Segment Open

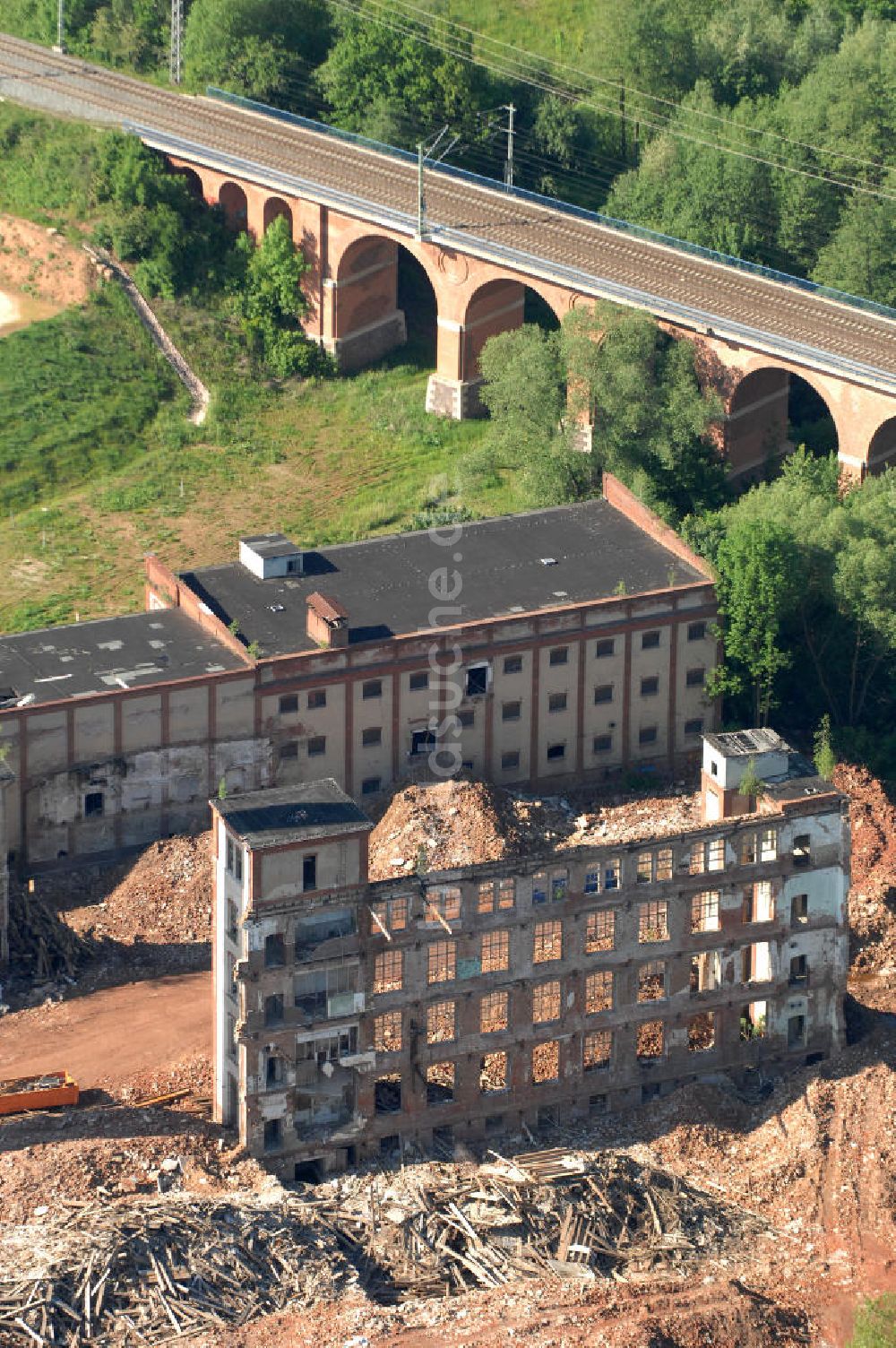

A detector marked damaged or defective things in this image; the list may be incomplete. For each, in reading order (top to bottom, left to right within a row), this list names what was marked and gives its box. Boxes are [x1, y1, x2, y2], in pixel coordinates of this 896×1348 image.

broken window [706, 842, 728, 875]
broken window [760, 828, 781, 857]
broken window [792, 839, 814, 868]
broken window [262, 989, 283, 1018]
broken window [263, 932, 285, 961]
broken window [371, 954, 403, 997]
broken window [371, 1011, 403, 1054]
broken window [373, 1076, 401, 1119]
broken window [426, 939, 455, 982]
broken window [426, 1004, 455, 1040]
broken window [426, 1061, 455, 1104]
broken window [426, 889, 462, 925]
broken window [480, 925, 509, 968]
broken window [480, 989, 509, 1033]
broken window [480, 1054, 509, 1097]
broken window [498, 878, 520, 911]
broken window [527, 1040, 556, 1083]
broken window [530, 925, 559, 961]
broken window [530, 982, 559, 1018]
broken window [581, 911, 616, 954]
broken window [584, 968, 613, 1011]
broken window [584, 1033, 613, 1076]
broken window [634, 900, 670, 939]
broken window [638, 961, 667, 1004]
broken window [638, 1025, 667, 1061]
broken window [688, 1011, 717, 1054]
broken window [692, 889, 720, 932]
broken window [688, 954, 724, 997]
broken window [738, 1004, 767, 1040]
broken window [745, 878, 774, 925]
broken window [788, 954, 810, 982]
broken window [262, 1119, 281, 1154]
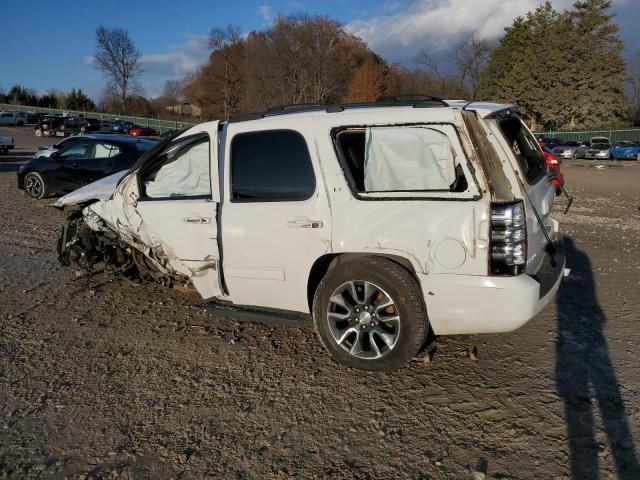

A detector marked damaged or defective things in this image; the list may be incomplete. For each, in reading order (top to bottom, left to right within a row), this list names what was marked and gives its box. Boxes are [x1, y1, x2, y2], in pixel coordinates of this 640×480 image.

crumpled hood [53, 171, 128, 208]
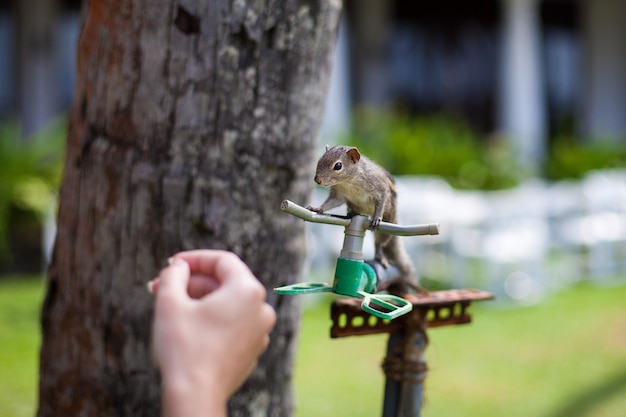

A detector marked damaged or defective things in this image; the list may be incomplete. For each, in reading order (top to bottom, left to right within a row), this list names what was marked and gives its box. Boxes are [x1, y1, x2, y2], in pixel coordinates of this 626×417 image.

rusty metal stand [330, 290, 490, 416]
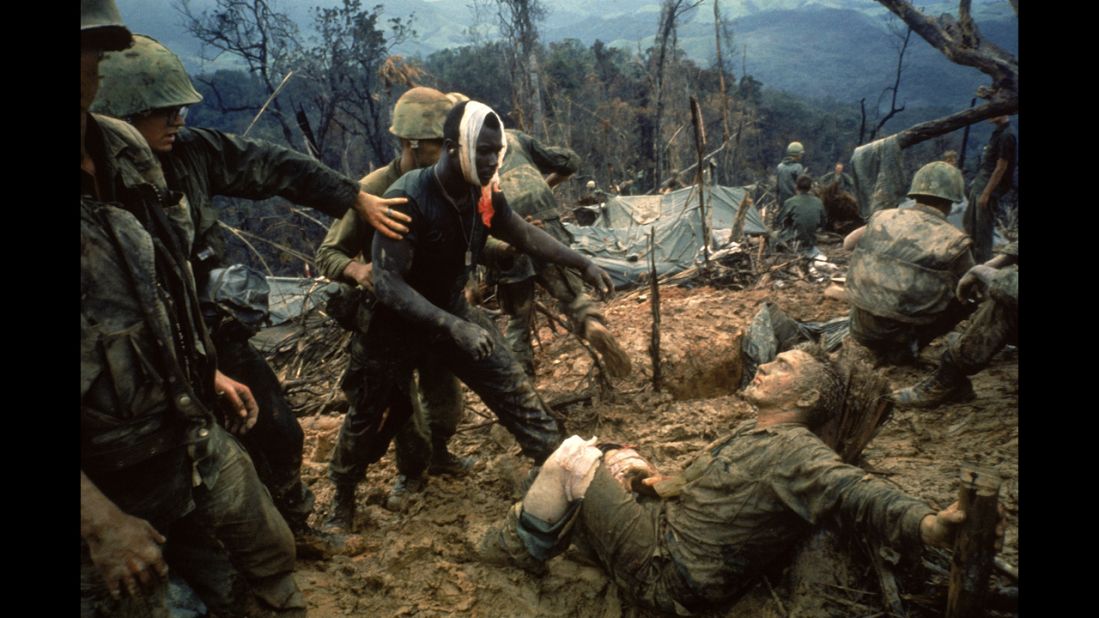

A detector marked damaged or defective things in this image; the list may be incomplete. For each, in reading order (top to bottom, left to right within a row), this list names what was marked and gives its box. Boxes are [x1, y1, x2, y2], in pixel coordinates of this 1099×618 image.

torn clothing [161, 127, 358, 286]
damaged tarpaulin [560, 184, 768, 288]
torn clothing [848, 135, 908, 219]
damaged tarpaulin [736, 302, 848, 384]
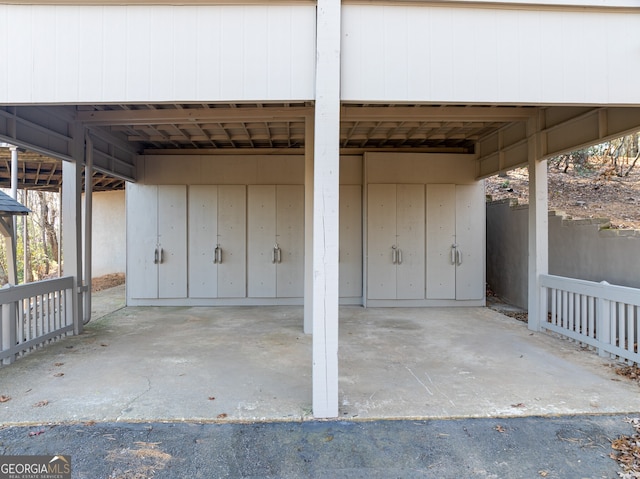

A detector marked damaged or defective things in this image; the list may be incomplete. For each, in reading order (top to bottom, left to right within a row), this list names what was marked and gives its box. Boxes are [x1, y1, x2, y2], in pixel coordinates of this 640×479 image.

crack in concrete [116, 376, 151, 422]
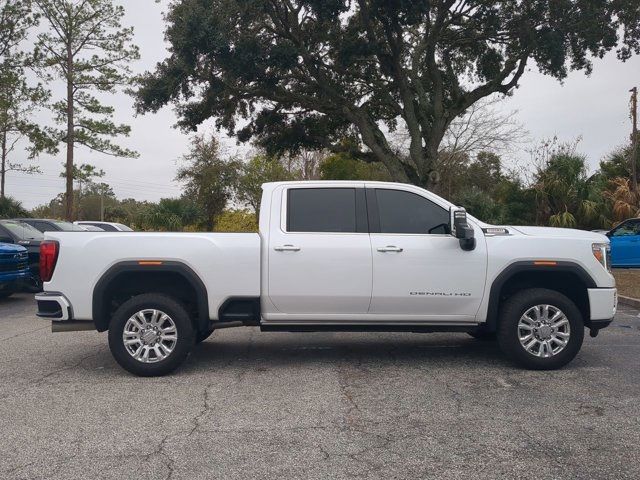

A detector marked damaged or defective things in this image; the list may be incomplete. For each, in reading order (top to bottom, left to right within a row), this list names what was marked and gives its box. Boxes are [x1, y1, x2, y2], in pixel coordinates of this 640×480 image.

cracked asphalt [1, 292, 640, 480]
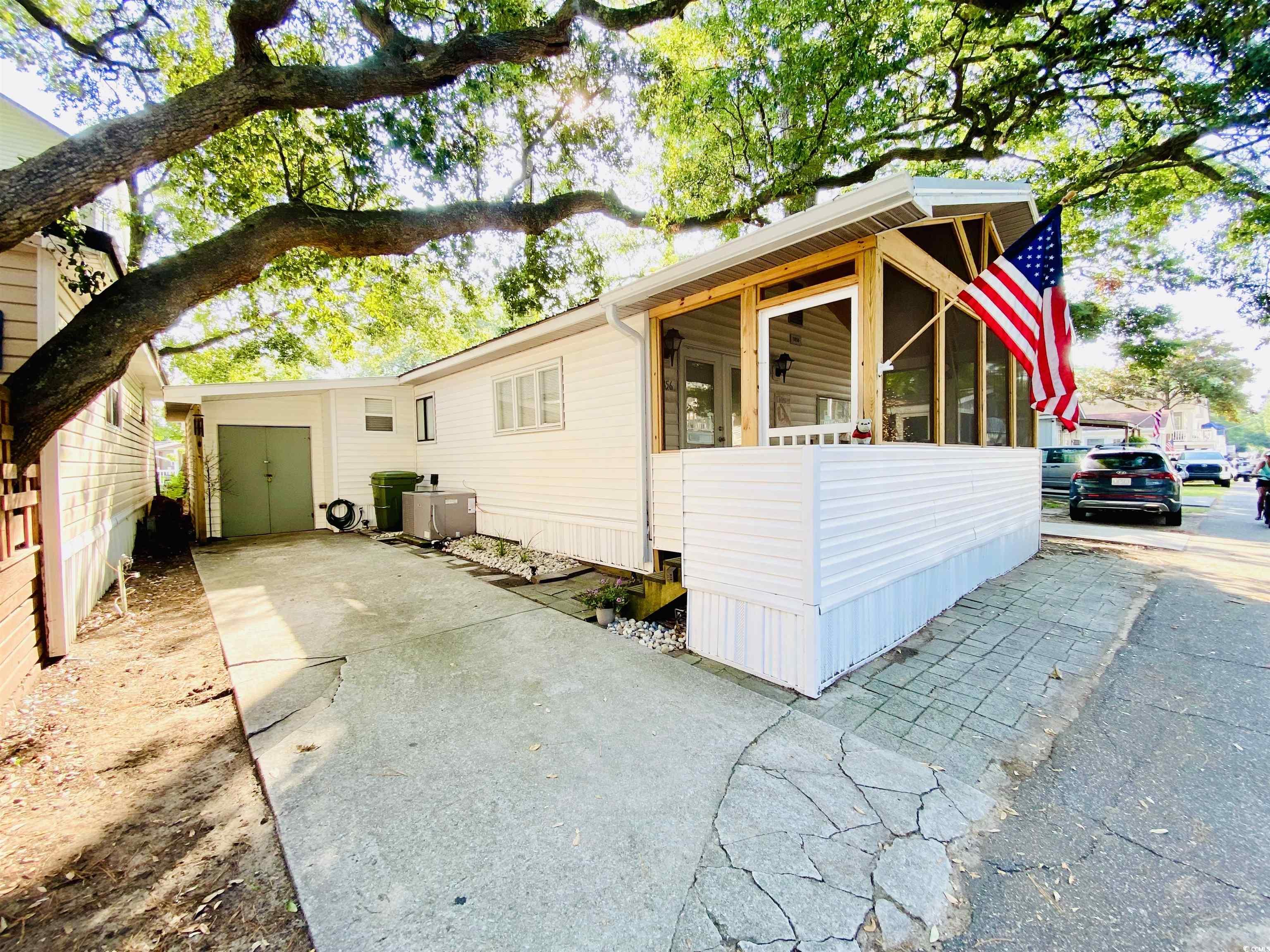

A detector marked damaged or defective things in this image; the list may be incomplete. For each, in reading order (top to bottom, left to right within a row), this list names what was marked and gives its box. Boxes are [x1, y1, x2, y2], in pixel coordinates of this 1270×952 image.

cracked pavement [946, 483, 1270, 952]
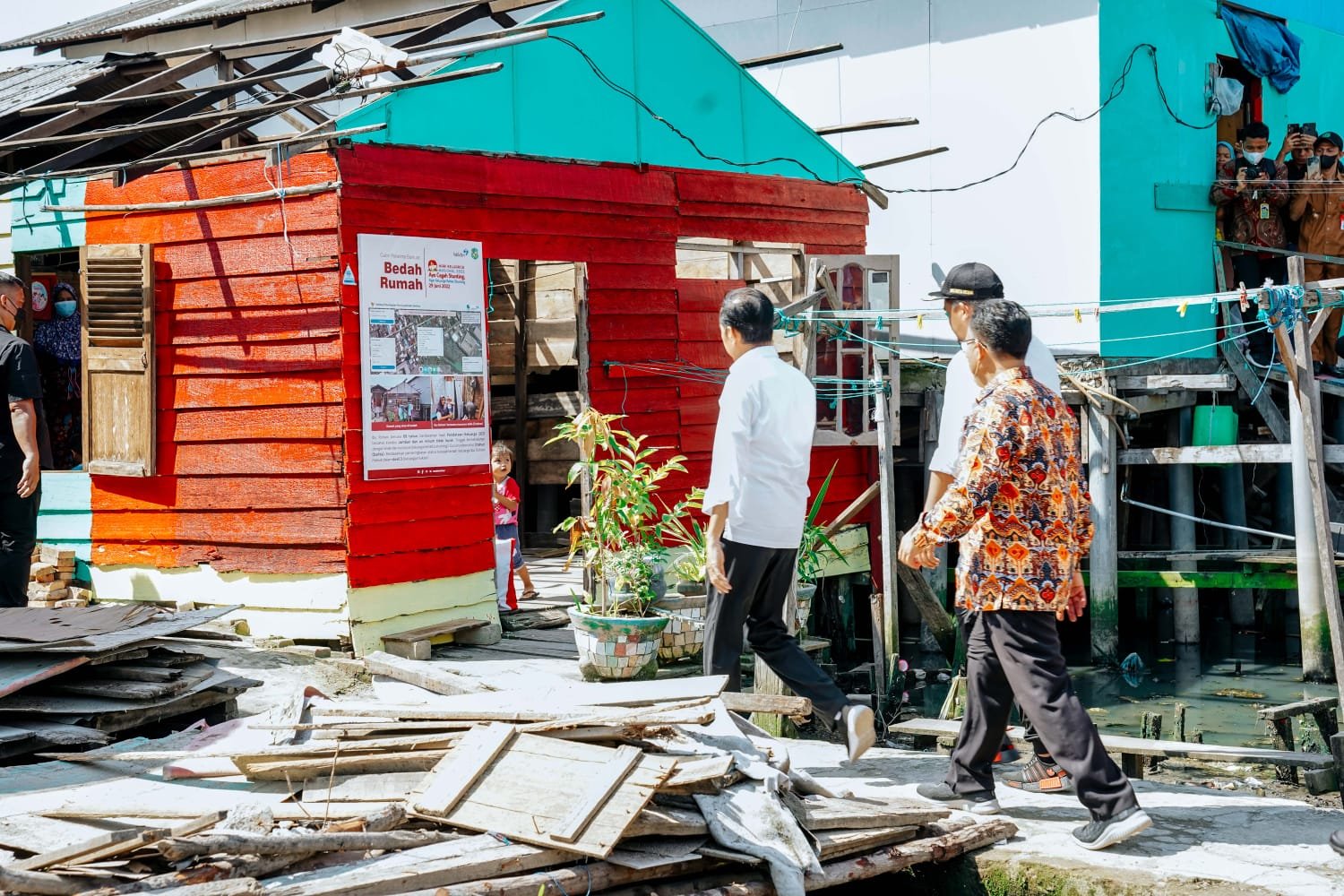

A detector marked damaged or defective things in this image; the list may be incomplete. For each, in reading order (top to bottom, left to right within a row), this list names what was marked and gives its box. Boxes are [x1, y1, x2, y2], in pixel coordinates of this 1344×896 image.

broken wooden board [382, 620, 492, 663]
broken wooden board [363, 652, 495, 698]
broken wooden board [409, 725, 677, 859]
broken wooden board [785, 789, 952, 832]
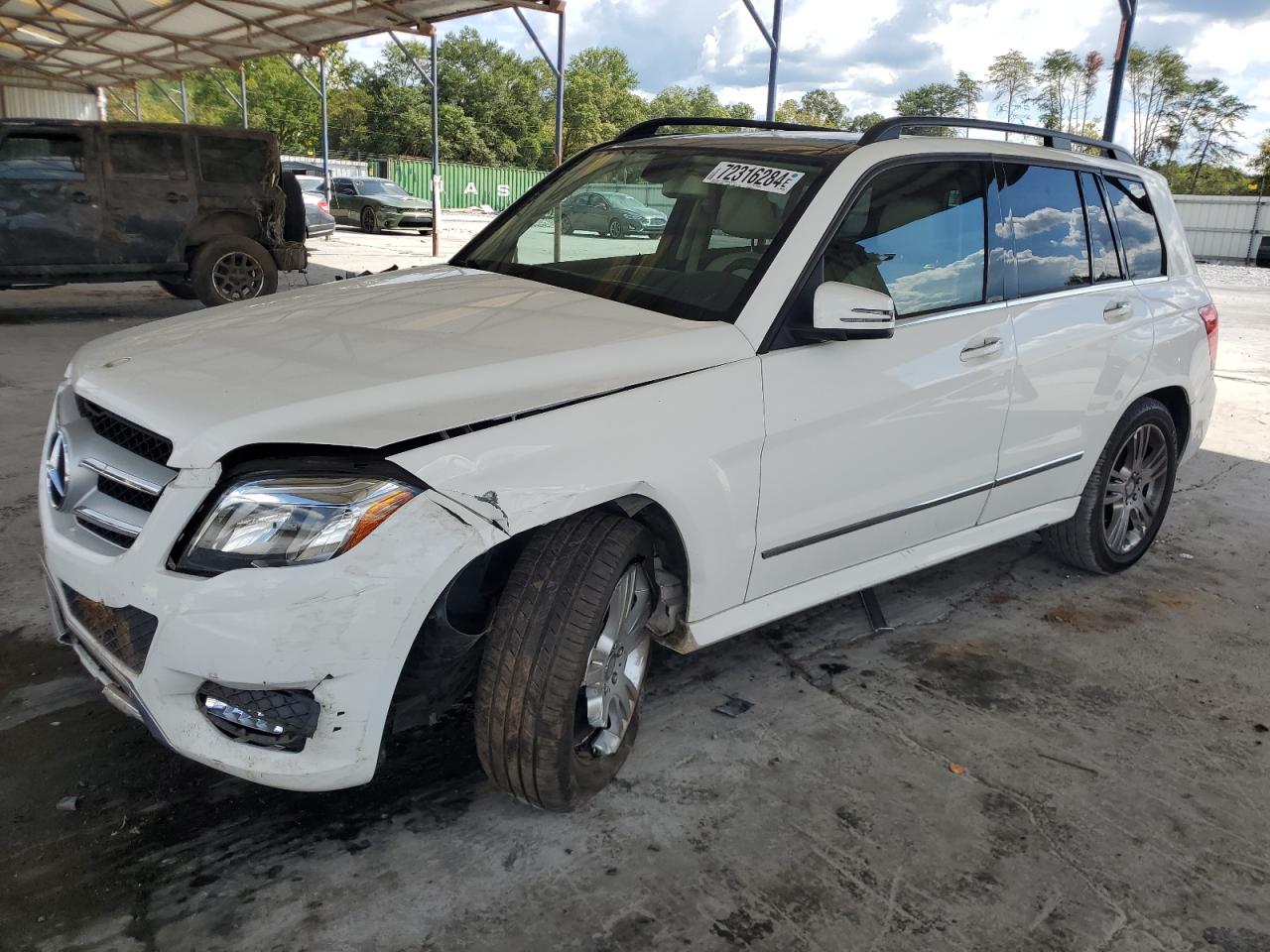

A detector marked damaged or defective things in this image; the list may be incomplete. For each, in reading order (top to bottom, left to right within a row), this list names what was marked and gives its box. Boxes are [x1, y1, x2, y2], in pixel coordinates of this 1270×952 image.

damaged front bumper [41, 480, 496, 793]
broken headlight assembly [177, 476, 417, 571]
damaged wheel well [385, 494, 691, 734]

Segment Closed

- _Task item_
Pictures stay out; reproduce exactly the lines from the one containing "this 640×479 image." through the last line of the listing, both included.

- _Reply_
A detector marked damaged or defective things in this image; the list may be incomplete. For each, in reading order (top to bottom, left to right within a row), this list names what was marked and gives its box. Boxes are [x1, y1, x2, y2], in pixel coordinates of this 640×479 image.

crack in concrete [116, 376, 151, 422]

A detector marked damaged or defective things in this image; the list may be incomplete. For each, in reading order (top to bottom, left to right within a row), this list names what was marked and gives its box. Boxes are [x1, y1, x2, y2], in pixel coordinates of this 640×480 image.

cracked asphalt [1, 292, 640, 480]

A detector marked damaged or defective things in this image; the list may be incomplete. For each, in reading order (top to bottom, left to right within a row), this list names what was marked and gives its box. Boxes are [x1, y1, x2, y2], in pixel coordinates of this 1270×952 image.

cracked pavement [946, 483, 1270, 952]

A detector marked damaged or defective things in this image; the list may be incomplete. For each, in reading order (top to bottom, left to right within a row), this list names what was marked and gives its box. Boxes are [x1, y1, x2, y2], in pixel coordinates of this 1344×896 image.

broken wooden board [382, 620, 492, 663]
broken wooden board [363, 652, 495, 698]
broken wooden board [409, 725, 677, 859]
broken wooden board [785, 789, 952, 832]

A detector marked damaged or defective things in this image; the list may be incomplete. For each, in reading order (top to bottom, left to right within a row), this list names what was marked and gives its box. Boxes are [x1, y1, x2, y2], in pixel coordinates of this 1270×952 image.

damaged front bumper [41, 480, 496, 793]
broken headlight assembly [177, 476, 417, 571]
damaged wheel well [385, 494, 691, 734]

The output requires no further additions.